> [Work instructions]
Everything in the entries below should be restated exactly, except for the pictures.

> [Extracted material]
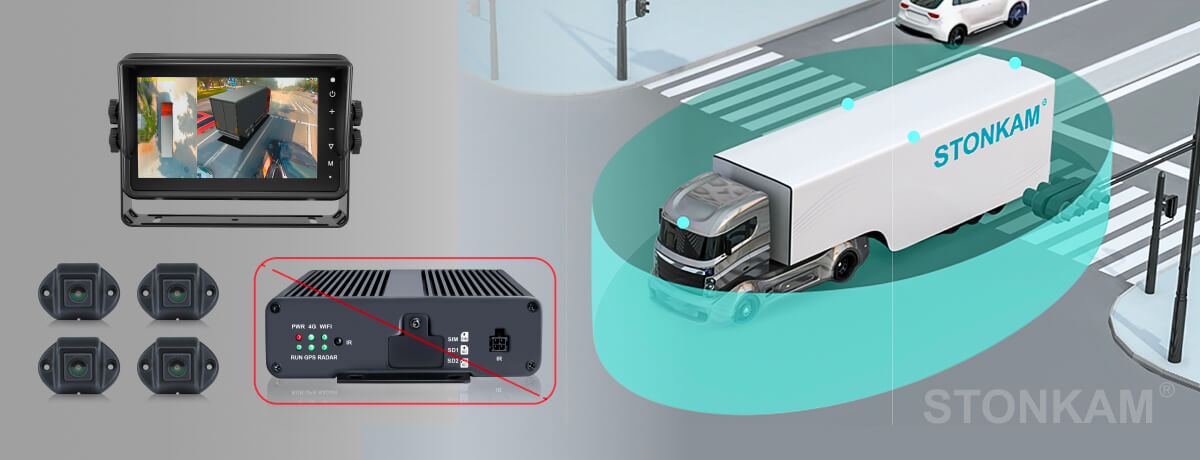 360アラウンドビューシステム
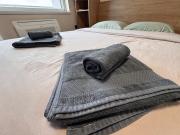 Modern City View Apartment near Medical College with Free Street Parking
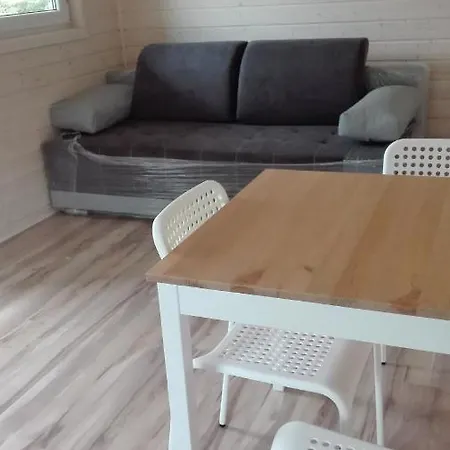 山林小屋 Sobie-wyspa Pod Brzozami 格但斯克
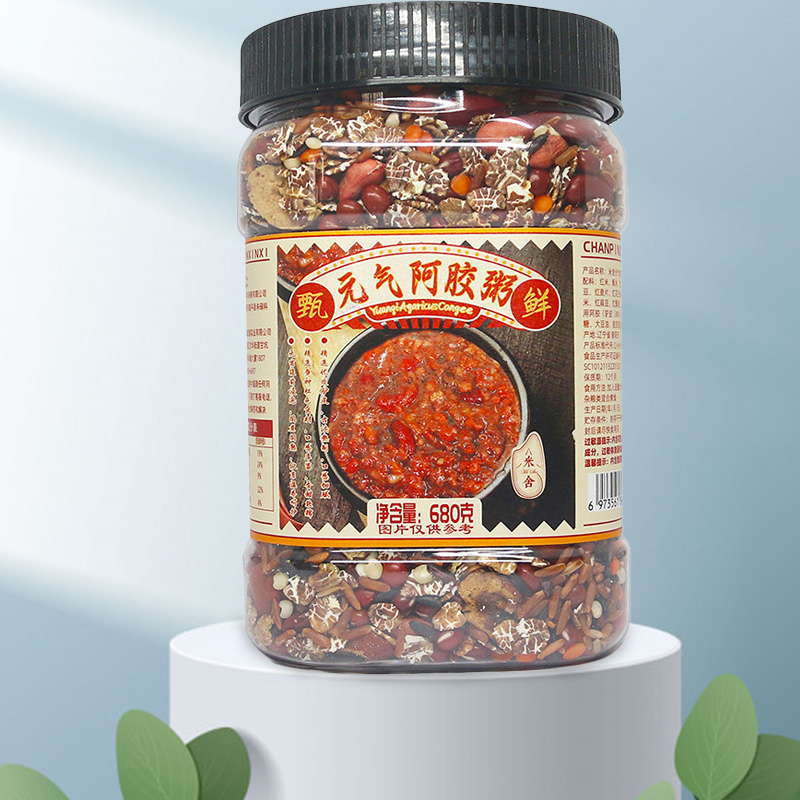 米舍元气阿胶粥680g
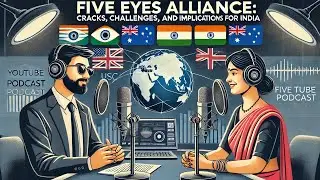 🎙️ Five Eyes Alliance: Cracks, Challenges & Implications for India | UPSC Podcast 🌍🔍- 425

> [Solution for this exercise]
 360アラウンドビューシステム
 Modern City View Apartment near Medical College with Free Street Parking
 山林小屋 Sobie-wyspa Pod Brzozami 格但斯克
 米舍元气阿胶粥680g
 🎙️ Five Eyes Alliance: Cracks, Challenges & Implications for India | UPSC Podcast 🌍🔍- 425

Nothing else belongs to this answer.